The trouble is Robinson has done too much bloody stuff. Where do you start? BBC Introducing and new music, LGBT rights, mental health, the Tom Robinson Band, his latest album and tour, Rock Against Racism, Pledge Music, Activism, the upcoming 6Music Festival? We went with his tour, albeit very briefly.

“[It’s] the first proper band tour of the century, actually. It’s just as well I got out and did it while I still can. Look at poor old David Bowie…

“But to give him his due, there was that moment in ’75, ’76 when we thought he was going to be well dodgy with his whole, ‘What this country needs is a fascist dictatorship.’”

In a week when all we’ve heard is glowing tributes, puff pieces and well raconteured tales of 70s debauchery, it’s refreshing to hear this sort of reflection… particularly as a lead in.

“He did have the good grace to climb down and apologise totally, and retract from it and get involved in anti-racist causes in the ‘80s. Tin Machine was very explicitly anti-racist, so, we only wish a few other stars of that generation…”

Our “Mr Clapton?” is met with emphatic nods.

“I think he’s still a secret Powell-ite,” adds Robinson.

In fact, it was the Cream singer’s onstage endorsement of Enoch Powell and his ‘Rivers of Blood’ speech back in 1976 that spawned the Rock Against Racism Movement that Tom Robinson (who’s today sporting a ‘Nazis are no Fun’ RAR badge) helped drive forward.

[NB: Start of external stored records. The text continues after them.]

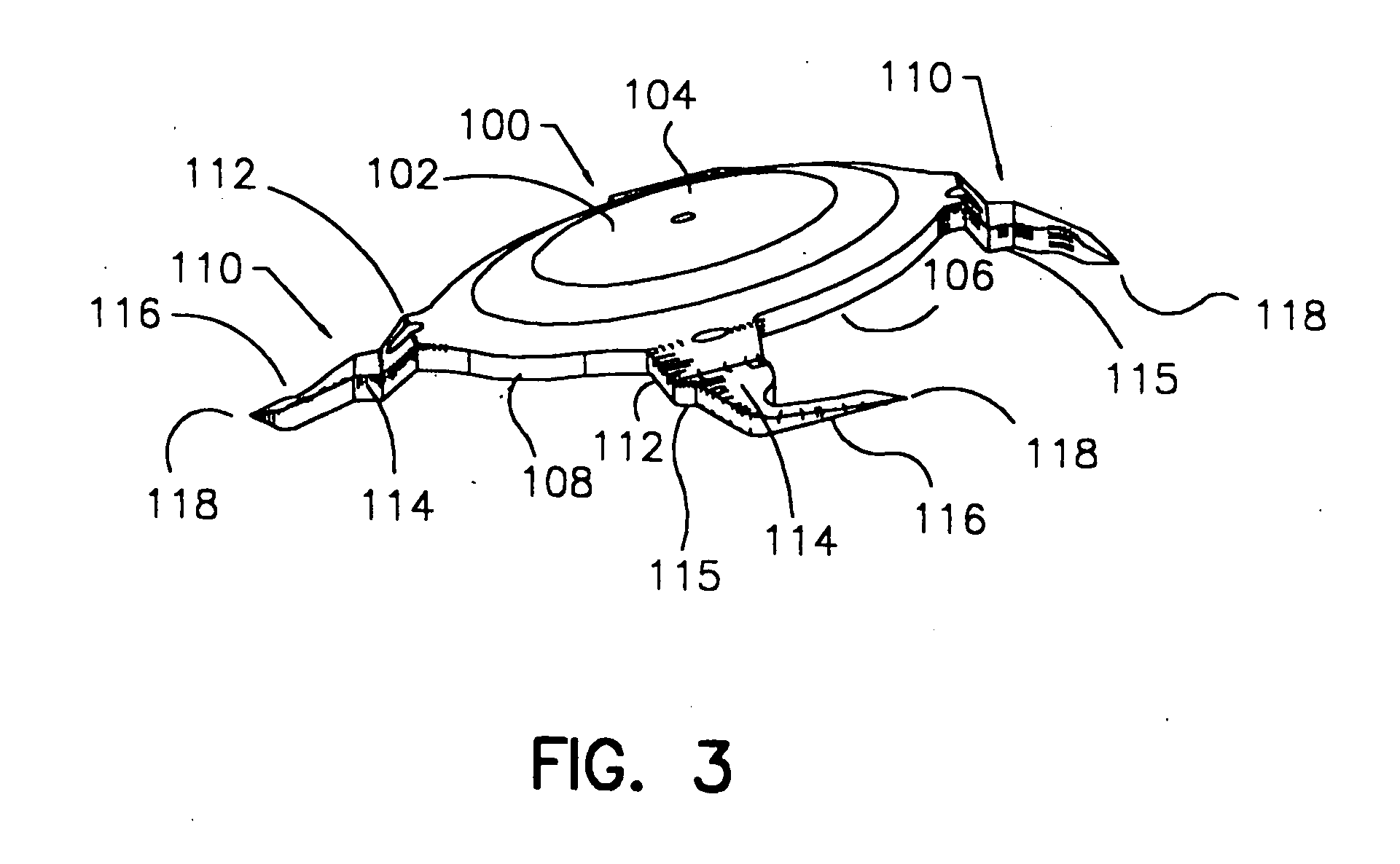 Refractive intraocular implant lens and method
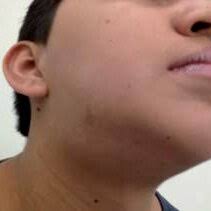 Ultrasonogram of the left submandibular gland, small salivary stone...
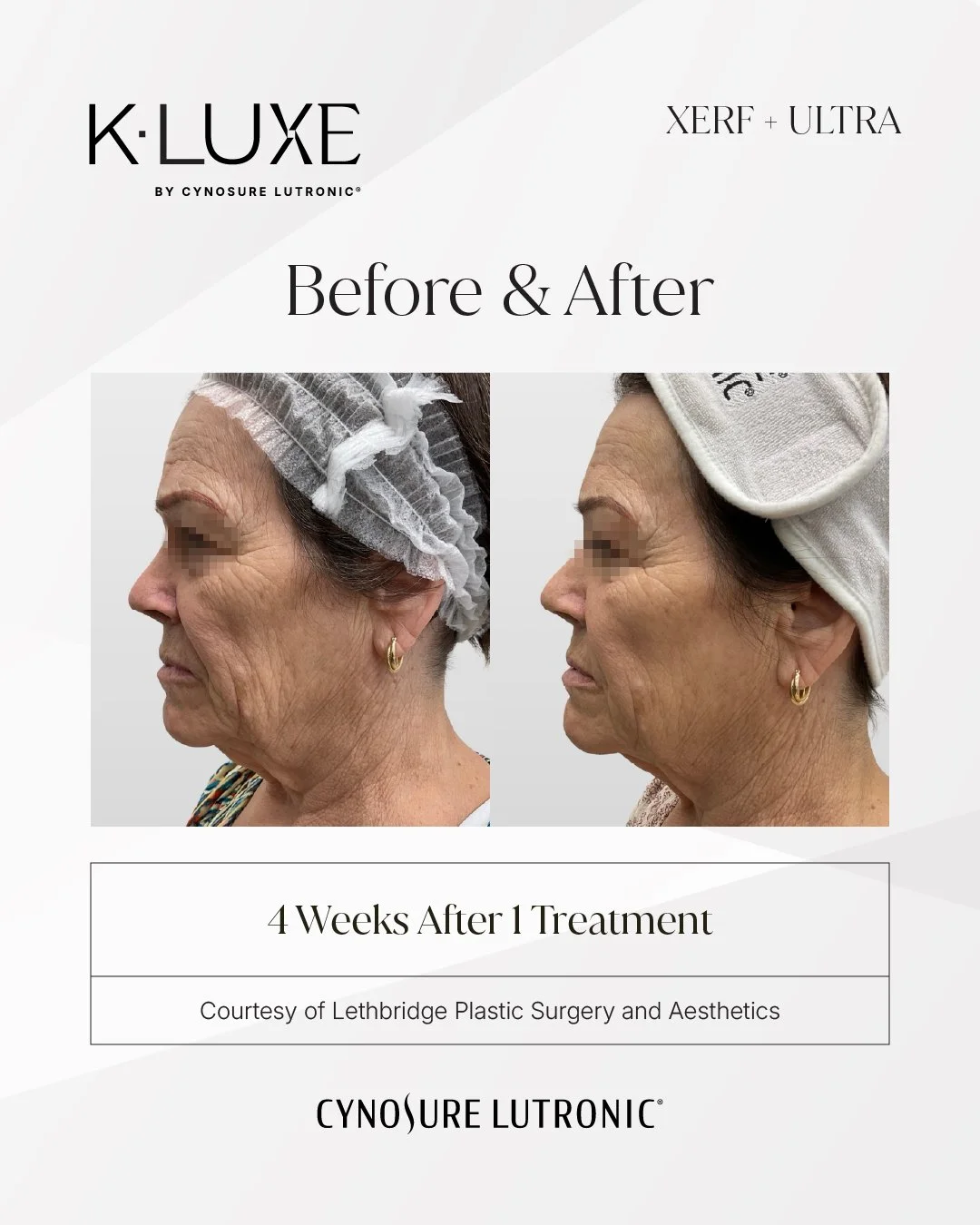 K-LUXE (XERF + LaseMD Ultra) before and after, 4 weeks after 1 treatment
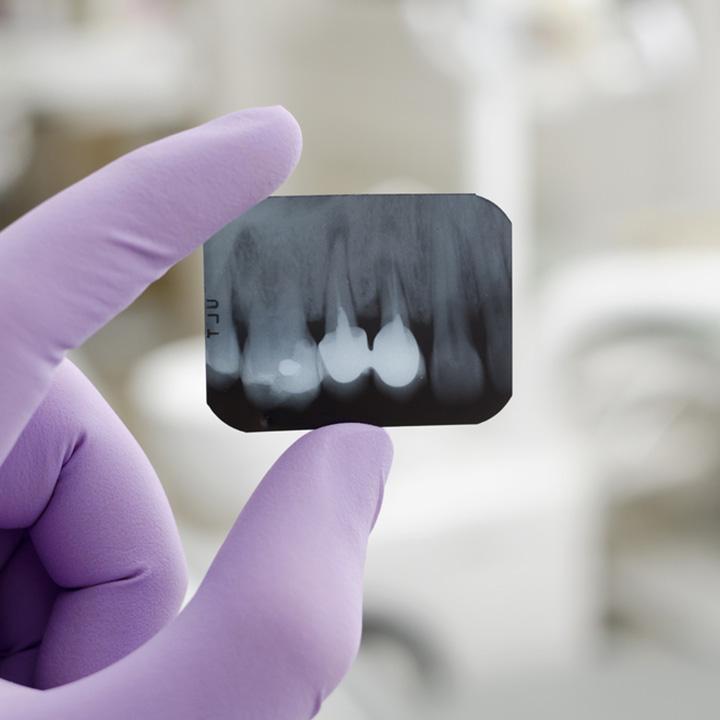 dentiste-chablais-article-implant-dentaire-05
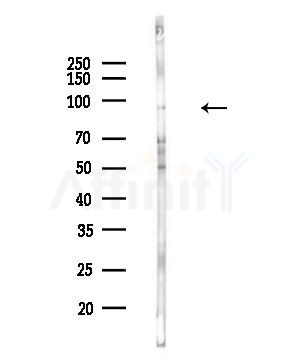 Phospho-IKK beta (Tyr188) Antibody - Western blot analysis of lysates from COLO205 cells(UV,30min treatment), using Phospho-IKK beta (Tyr188) Antibody at 1/1000 dilution.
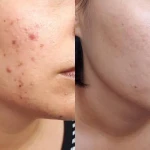 کلینیک  پوست ومو و  زیبایی لیدیا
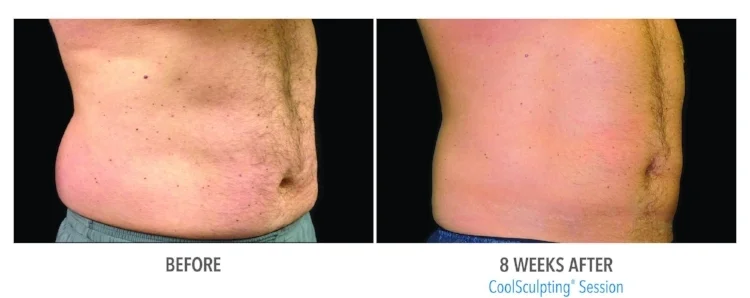 B&A-Haynes-AB-pt01-2Set-8wk-3QR-HiRes.jpg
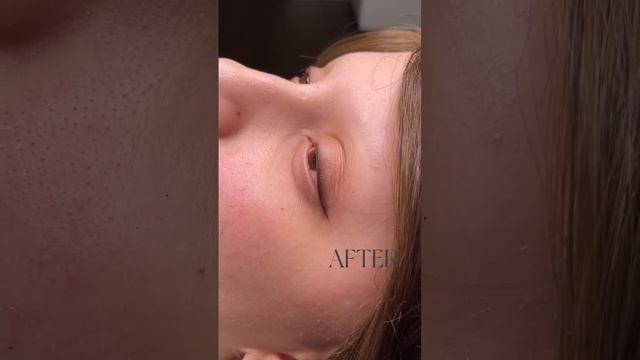 Татуаж стрелок для подростка☺️ до/после ?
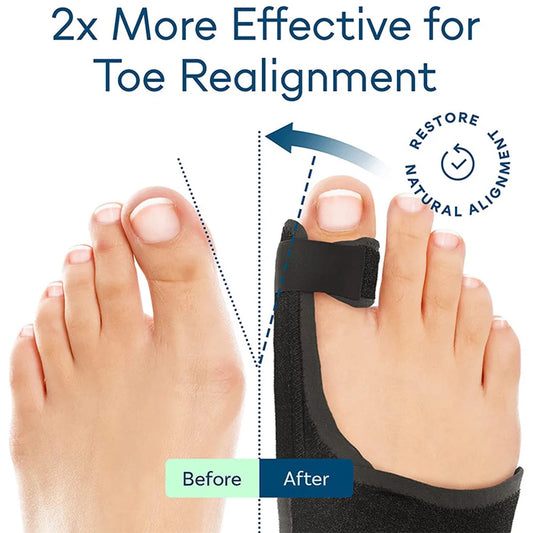 Toe Hallux Valgus Corrector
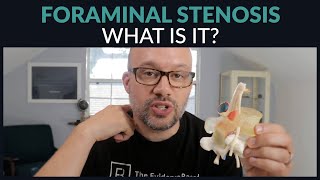 What is Foraminal Stenosis [upl. by Enerehs]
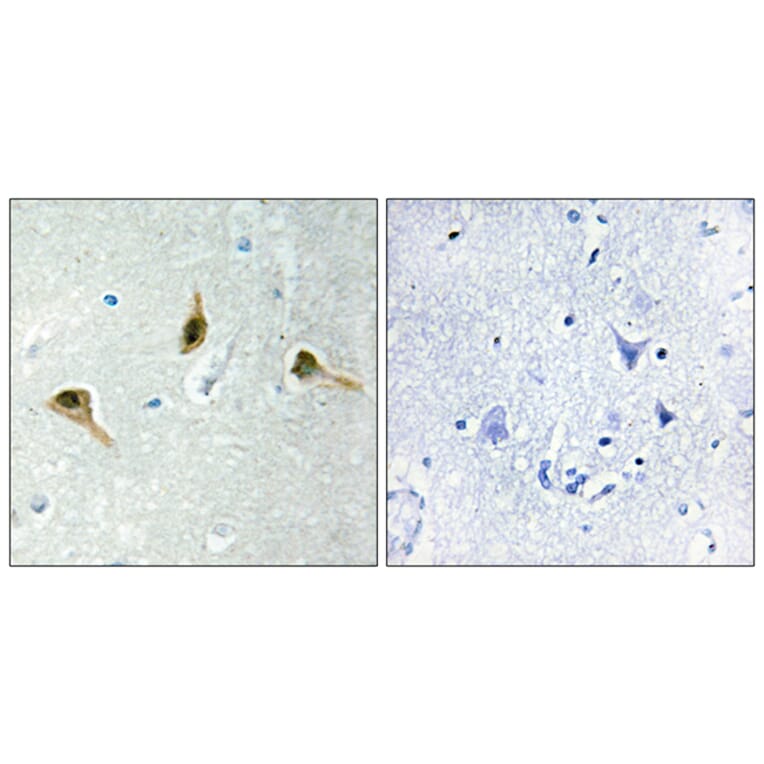 Immunohistochemistry - Anti-MSH2 Antibody (C13089) - Antibodies.com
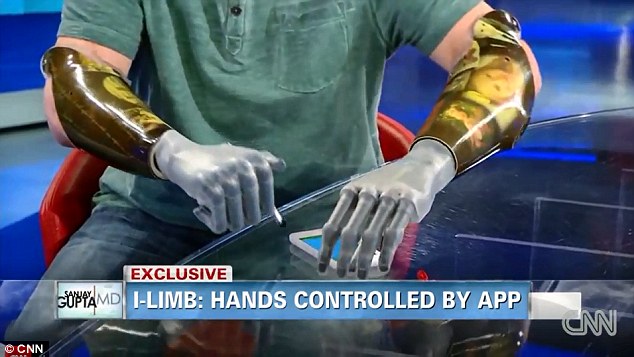 "I have been able to hold my daughter's hand for the first time in five years since my accident." -- Jason Koger 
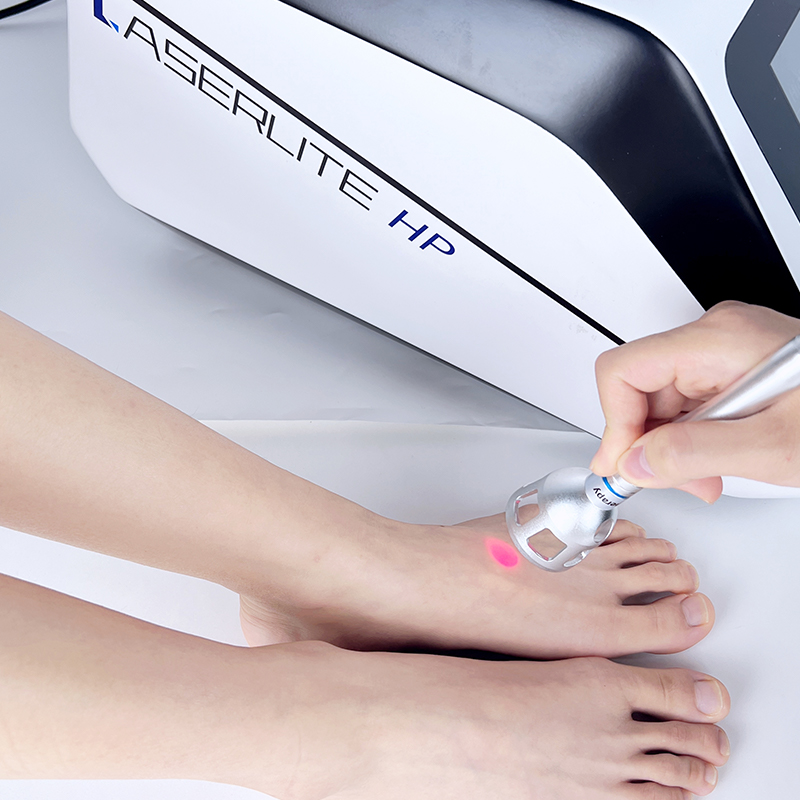 High Power Laser Physical Therapy Instrument. Medical Instruments for Pain Relief Physical Therapeutic Apparatus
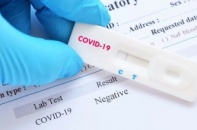 Tin mới về Covid-19 ngày 13/12: Bộ Y tế nói gì về công nhận bệnh nhân khỏi bệnh qua test nhanh?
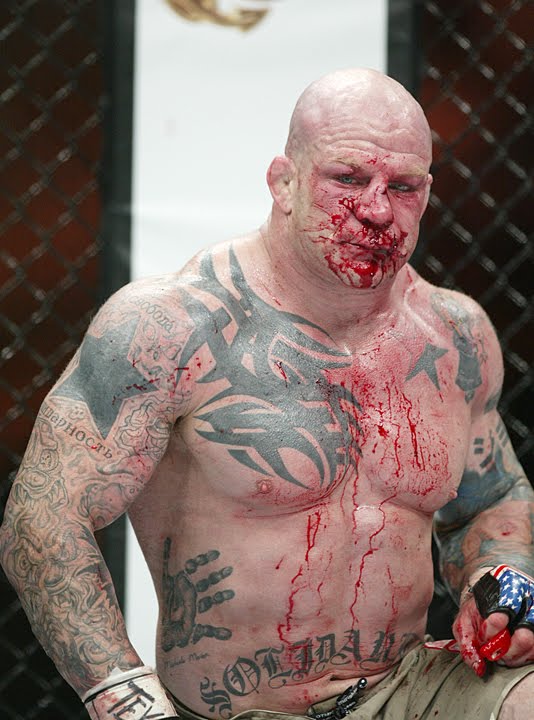 [Monson_Hurt.JPG]
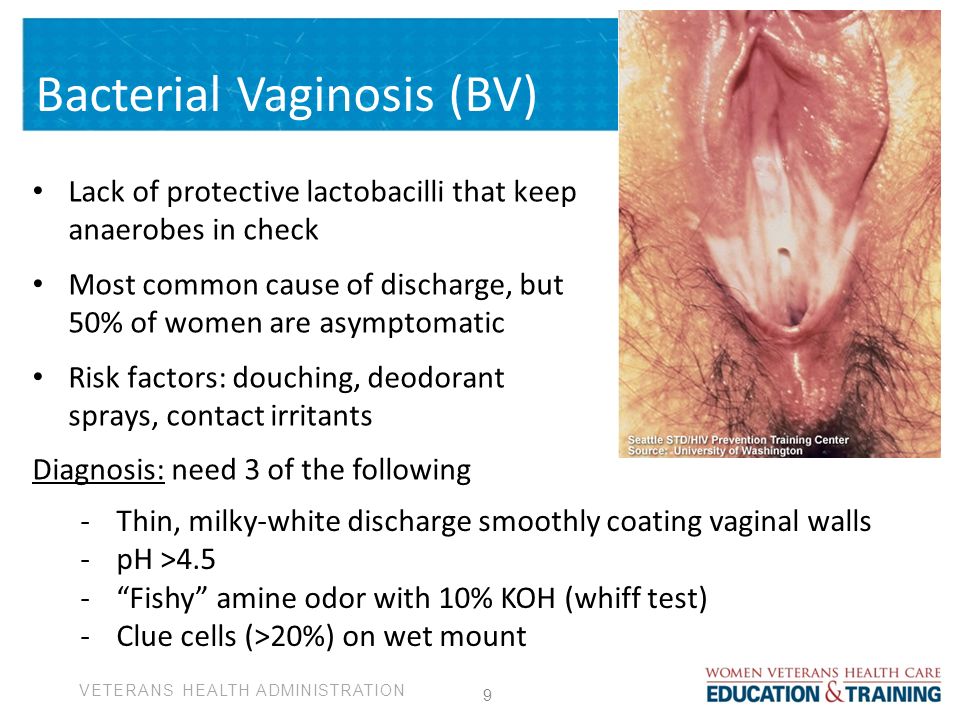 Bacterial Vaginosis Needs New Treatment Approaches Monash Lens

“One of the most refreshing things about Rock Against Racism in its early days, was the grassroots nature of it. It was unknown white bands [and] unknown black bands performing on the same stage at small venues which were put on on a DIY basis by supporters around the country.”

The newly formed Anti-Nazi League (today known as Unite Against Fascism) helped drive RAR into the national consciousness by involving mainstream artists such as The Clash, Stiff Little Fingers, Elvis Costello and The Specials.

“The Specials are a good case in point, because in a way RAR handed over to the two-tone movement who not only supported Rock Against Racism, but actually were Rock Against Racism embodied… multiracial bands were very much more to the point than having a white band followed by a black band.”

It’s clear that grassroots movements are a big thing for Robinson, none more so than the work he does championing new bands and artists with his BBC Introducing show.

“The great thing about BBC Introducing is that it actually allows the bands to contact us direct, without having to go through a plugger and submit the music to get heard. I can’t really overemphasise how important that is, because traditionally, all the time I’ve worked in music it’s always had to be mediated by a third party.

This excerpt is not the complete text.